Le contact des doigts de Sorano était trop froid sur sa peau.

« Tout le monde ne parle que de toi » parvint à souffler l'aînée des sœurs après un long moment. « Ils disent tous que tu es belle, courageuse aussi. Tu sais combien de fois on m'a arrêtée dans la rue pour me poser des questions sur toi ? Me demande pas, j'ai perdu le compte. »

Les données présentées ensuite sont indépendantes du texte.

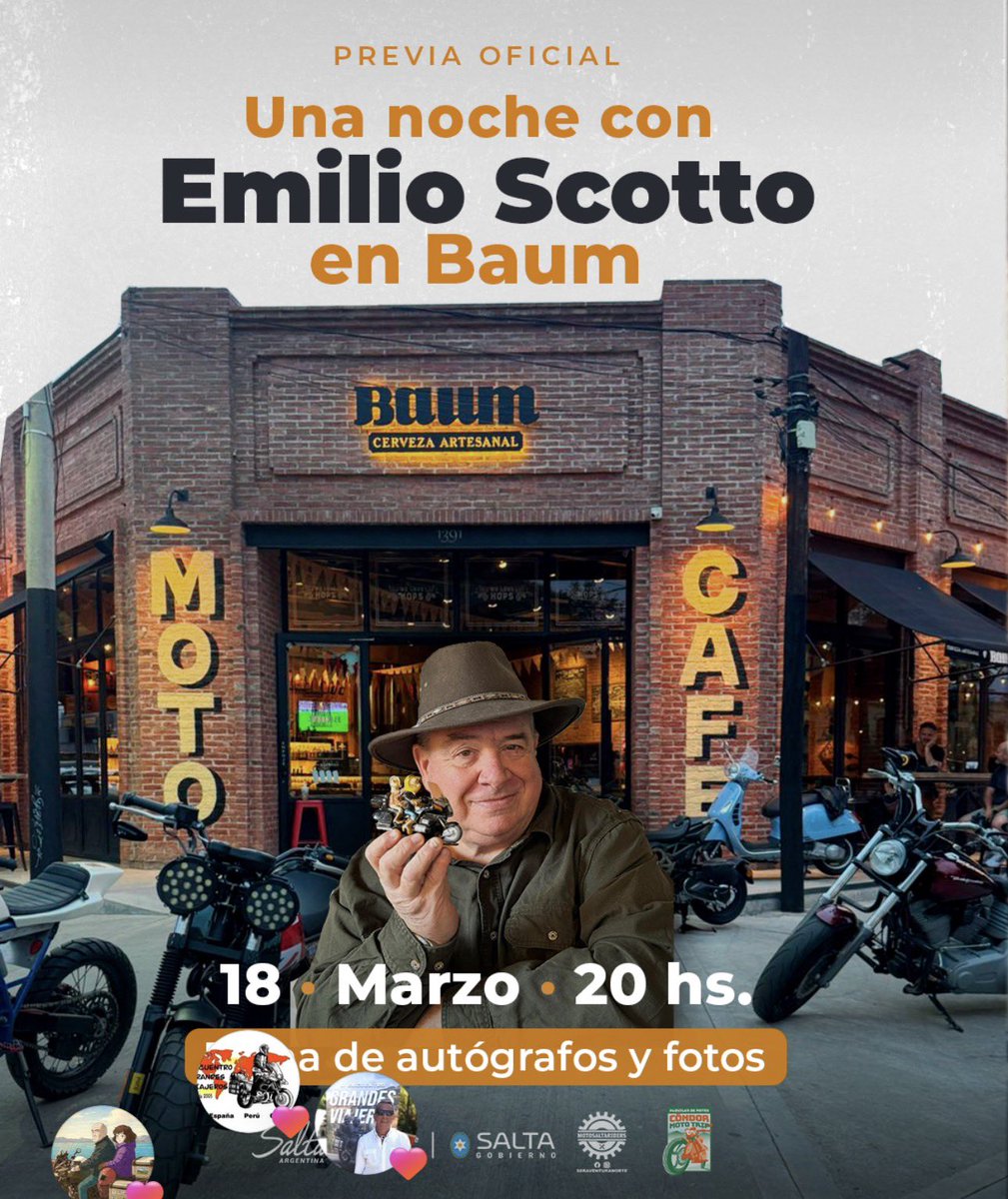 Emilio Scotto Motorcycle Tours tweet media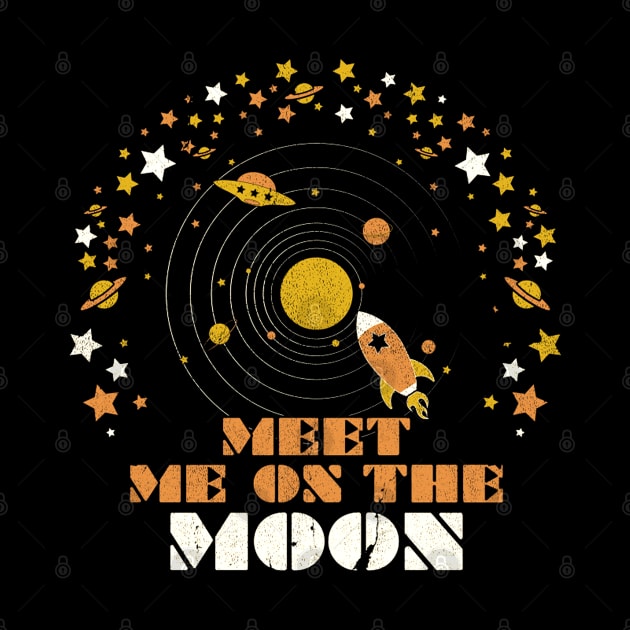 Meet me on the Moon by Bekker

« Hmm » se contenta de fredonner Yukino.

« Je sais, je sais, c'est bête, ils sont tous bêtes. T'inquiètes pas, ils se sauvent dès qu'on leur fait un peu la tête. Oh, et on aura une clôture pour les empêcher de camper sur le palier. Tu te rappelles ? Tout de suite après la fin des Jeux, il y a cet agent immobilier qui a appelé, tu vas avoir une des belles maisons, celles avec les jardins et les vérandas teintées, tu disais toujours que c'étaient des maisons de princesses, ou de poupées, j'ai oublié. »

Yukino laissa le babillement effréné couler sur elle.

« Macbeth te passe le bonjour, oh et il te félicite aussi. Comme quoi, t'avais pas besoin d'un porte-bonheur, tu t'en es sortie au talent... »

« Ah ! »

Sorano se raidit face à cette exclamation.

« Quoi ? Qu'est-ce qu'il y a ? »

« Ta broche » souffla Yukino. « Où est-ce que je l'ai mise ? »

Sorano fixa sa cadette. Puis un bref rire secoua sa charpente toute entière, un accès d'hilarité qui ressemblait plus à une convulsion et sonnait plus comme un sanglot.

« Pas grave, tu me la rendras plus tard. Tu viens juste de revenir, là... »

La voix de la jeune femme s'adoucit, tandis que ses yeux commençait à briller d'un éclat mouillé.

« Tu es revenue... »

Elle resserra de nouveau son étreinte.

« Tu es revenue. »

Sorano avait les mains trop froides.